The same conversation plays out on the job. A platform team commits to "four nines" on the public API, an engineer reports 99.97% on the dashboard, and two days later a support ticket asks why checkout was unreachable for eleven minutes on Tuesday. Both numbers can be true: the dashboard counted health-check probes against the load balancer while customer traffic was hitting a degraded region the probes never touched. The fix is a clearer definition of what counts as a successful request and which population of requests we measure.
This post walks through the SQL: a baseline availability query, per-region breakdowns, an error-budget calculation, a burn-rate formulation that powers modern alerting, and a reference for SLO targets. Queries run in Postgres with small edits for Snowflake, BigQuery, or Redshift.

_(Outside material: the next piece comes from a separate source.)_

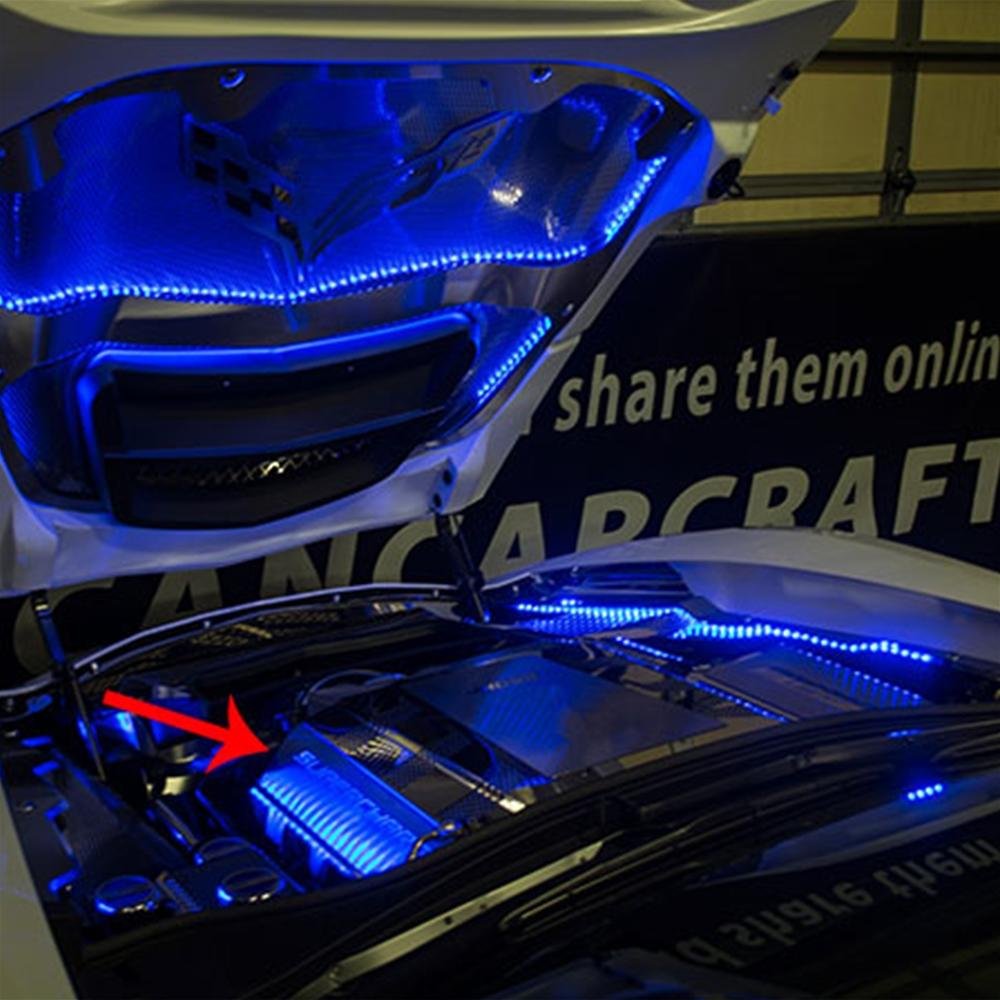 Corvette Supercharged Fuel Rail Covers - Illuminated - Stainless Steel : C7 Z06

Two formulas — time-based and request-based
Time-based availability is the textbook definition: divide the seconds the service was responsive by total seconds in the window. The strength is contractual clarity — "up at least 99.95% of the time, measured monthly." The weakness is binary framing. A 50% packet-loss event reads as fully up if your monitor ever got a response, and a global deploy outage reads as full outage even if 80% of regions kept serving real traffic.
Request-based availability flips the perspective. Instead of how long the system was alive, you ask what fraction of requests it served correctly. The numerator is successful requests — a non-5xx response within a latency budget — over total qualifying requests. This tracks customer experience more honestly because a 1% error rate during peak hours costs more than the same rate at 3 a.m., and request-based math weights by traffic. Consumer-facing services at Meta, Uber, and Linear report request-based availability in customer SLAs.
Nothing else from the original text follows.